Anne vestiu um roupão sobre a lingerie, e desceu as escadas com Gilbert. Quando estavam no andar debaixo, a ruivinha perguntou:
-Não quer ao menos tomar um café?
-Não vai dar tempo. Como alguma coisa quando chegar no escritório. Te ligo mais tarde. Eu prometi à minha mãe que almoçaria com ela hoje, então só vou para casa no fim da tarde.
-Tudo bem. Vou ficar esperando sua ligação. Tenha um bom dia de trabalho. - ela deu-lhe um selinho.
-Você também. - ele respondeu, e depois se foi, deixando Anne na janela observando sua partida com tristeza .
Ela voltou para o quarto, mas logo percebeu que não conseguiria pegar no sono. Havia muita adrenalina dentro dela misturada com outros sentimentos que ela identificou como excitação, desejo frustrado e carência. Por isso, tomou um banho quente e depois foi até a cozinha preparar o café da manhã.
Quem normalmente cuidava dessa tarefa era Bertha, mas como ainda não eram sete da manhã, ela mesma resolveu se ocupar com aquela refeição, pois precisava manter sua mente focada em outra coisa que não fosse o almoço de Gilbert com a mãe. Ela não conseguia se simpatizar com Olga por mais que tentasse, o que era diferente de John por quem nutria uma admiração crescente. A mãe de Gilbert era seca, não fingia simpatia, e não se esforçava em ser amável. Ela era ciumenta e ótima atriz, pois Anne já a vira representar na frente do filho a mulher solitária e incompreendida, e desta forma manipulava-o como desejava. Gilbert tinha o coração bom demais para perceber que sua genitora não era quem ele pensava, e era isso que preocupava Anne imensamente, pois não podia dizer nada ou se indisporia com Gilbert que não aceitaria aquela verdade sobre a mãe.
-Está sem sono, filha?- Anne se virou para encarar Bertha na porta da cozinha que a observava com curiosidade.
-Bom dia, mamãe. Acordei mais cedo do que pretendia. - Anne respondeu, dando atenção a cafeteira que começava a passar o café fresco que estava preparando.
-Tive a impressão de ouvir vozes hoje mais cedo . - Bertha comentou, se sentando à mesa enquanto Anne adoçava o café, e o colocava na garrafa que normalmente mantinham sobre a mesa.

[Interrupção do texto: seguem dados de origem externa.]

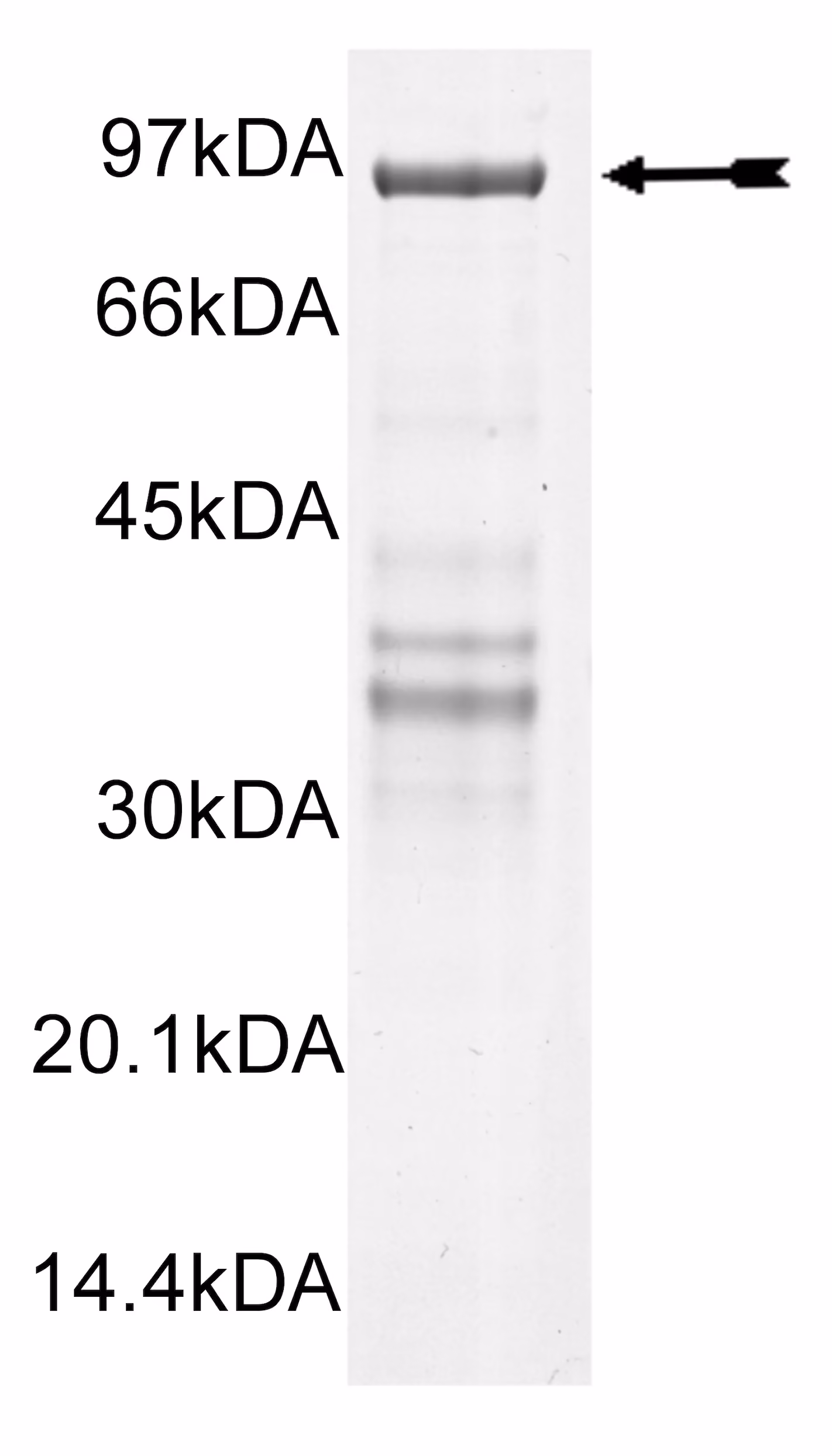 CHK2 (hu,5-end, R145W) Human Recombinant Kinase Protein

-Gilbert passou por aqui antes de ir para o trabalho. - Anne explicou meio sem jeito, enquanto Bertha exibia um sorriso divertido no rosto.
-Já estão nessa fase? De não conseguirem começar o dia sem se verem? Isso vai acabar em casamento. Escute o que estou dizendo.
-Eu sou jovem demais para me casar, mamãe. E não acho que Gilbert pense nisso com seriedade.- Anne respondeu. Ela não ousava se imaginar em um altar com Gilbert Blythe, embora soubesse que se ele a pedisse em casamento, ela não hesitaria em dizer sim.
-Não existe idade para o amor, Anne. Como não existe idade para o casamento. O que importa é o que vocês sentem, como vocês se amam. -Bertha disse , pegando a xícara de café que Anne lhe estendeu.
-Gilbert nunca conversou comigo sobre amor, mamãe. Eu não sei se ele se sente assim a meu respeito.- Anne concluiu se sentando na mesa de frente para sua mãe que naquele dia parecia muito pálida. -Está se sentindo bem? Você me parece mais pálida que o normal.
-Estou bem querida. Não se preocupe. Mas não estamos falando de mim, e sim de você. Gilbert pode não dizer que te ama, mas ele demonstra isso de outras formas. Ele te olha como se você fosse o mundo dele, e isso eu tenho percebido todas as vezes que os vejo juntos. Por isso, eu te afirmo. Aquele rapaz te ama, querida, talvez esteja só esperando uma oportunidade para dizer.- Bertha falou.
-Não sei. Gilbert é complicado. Ele tem questões mal resolvidas dentro dele quando se trata de sentimentos mais profundos. Acho que a separação dos pais o marcou mais do que se pensa. Ele não fala muito sobre isso, mas eu já percebi que ele tem muita mágoa deste período.- Anne contou. Ela sabia que Gilbert trazia uma carga muito negativa dentro de si quando se tratava do casamento dos pais. Ele vira a deterioração do relacionamento acontecer diante de seus olhos, e talvez a constatação de que algumas coisas não eram eternas tinha pesado demais dentro dele para que ele conseguisse abrir seu coração para o amor.
Anne por outro lado, tivera uma experiência diferente. Observar o casamento dos pais e tudo que partilharam juntos, a fizera desejar encontrar em alguém a mesma cumplicidade que vira na relação de seus pais, e mesmo que seu noivado com Roy tivesse culminado em um grande fracasso, ela ainda carregava dentro de si a esperança de que viveria um amor como o de seus pais com alguém algum dia, e secretamente esperava que esse alguém fosse Gilbert.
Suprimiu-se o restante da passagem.